In [None]:
import tensorflow as tf
from tensorflow.keras.models import Sequential
from tensorflow.keras.optimizers import Adam, AdamW
from tensorflow.keras.models import Model
from tensorflow.keras.regularizers import l2
from tensorflow.keras.callbacks import ModelCheckpoint, LearningRateScheduler
from keras.callbacks import EarlyStopping
from tensorflow.keras.layers import LSTM, Dense, BatchNormalization, Dropout, LayerNormalization
from tensorflow.keras.layers import LeakyReLU, Input, RepeatVector,TimeDistributed
import pickle
import os


: 

In [None]:
import torch
import torch.nn as nn
import torch.optim as optim
from torch.optim.lr_scheduler import LambdaLR
from torch.utils.data import DataLoader, TensorDataset
import pickle
import os

: 

In [None]:
def generate_lstm_multi_step(X_train, y_train):
    
    n_timesteps, n_features, n_outputs = X_train.shape[1], X_train.shape[2], y_train.shape[1]

    model = Sequential()
    # First LSTM layer with LayerNormalization and recurrent dropout
    model.add(LSTM(256, input_shape=(n_timesteps, n_features),
                return_sequences=True,
                activation='tanh', recurrent_activation='sigmoid',
                recurrent_dropout=0.2,
                kernel_regularizer=l2(0.001)))
    model.add(LSTM(256,
                activation='tanh', recurrent_activation='sigmoid',
                recurrent_dropout=0.2,
                kernel_regularizer=l2(0.001)))
    model.add(RepeatVector(n_outputs))
    model.add(LSTM(128, activation='tanh', recurrent_activation='sigmoid',
                return_sequences=True, recurrent_dropout=0.2,
                kernel_regularizer=l2(0.001)))
    model.add(LSTM(128, activation='tanh', recurrent_activation='sigmoid',
                return_sequences=True, recurrent_dropout=0.2,
                kernel_regularizer=l2(0.001)))

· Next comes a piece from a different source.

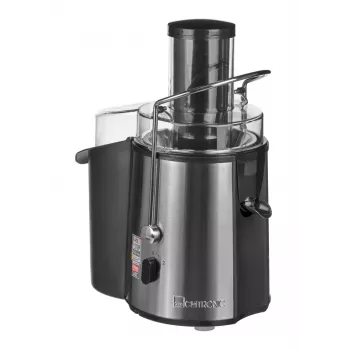 Extrator de sumo CLATRONIC AE 3532 1000 W, caixa em aço inoxidável, depósito de polpa de 2 L, 2 velocidades, anti-pingos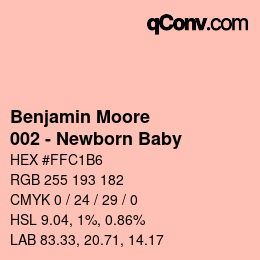 Farbcode: Benjamin Moore - 002 - Newborn Baby | qconv.com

    model.add(TimeDistributed(Dense(64, activation='tanh')))
    model.add(TimeDistributed(Dense(n_features)))
    
    # Compile the model using AdamW optimizer and a learning rate scheduler
    optimizer = AdamW(learning_rate=0.001, weight_decay=1e-5)  # AdamW improves generalization
    model.compile(optimizer=optimizer, loss='mse')

    return model

: 

In [None]:
def train_lstm_multi_step(model, checkpoint_path, X_train, y_train,
                          epochs=100, batch_size = 100,
                          validation_split=0.05,
                          patience = 100,
                          verbose = 0):
    try:
        model.load_weights(checkpoint_path) 
        # with open(os.path.join(checkpoint_path.split('/')[1],checkpoint_path.split('/')[-1].split('.')[0]), 'rb') as f:
        #     history = pickle.load(f)
    except:
        def lr_scheduler(epoch, lr):
        # if epoch < 10:
            return lr
        # Learning rate scheduler callback
        lr_scheduler_callback = LearningRateScheduler(lr_scheduler)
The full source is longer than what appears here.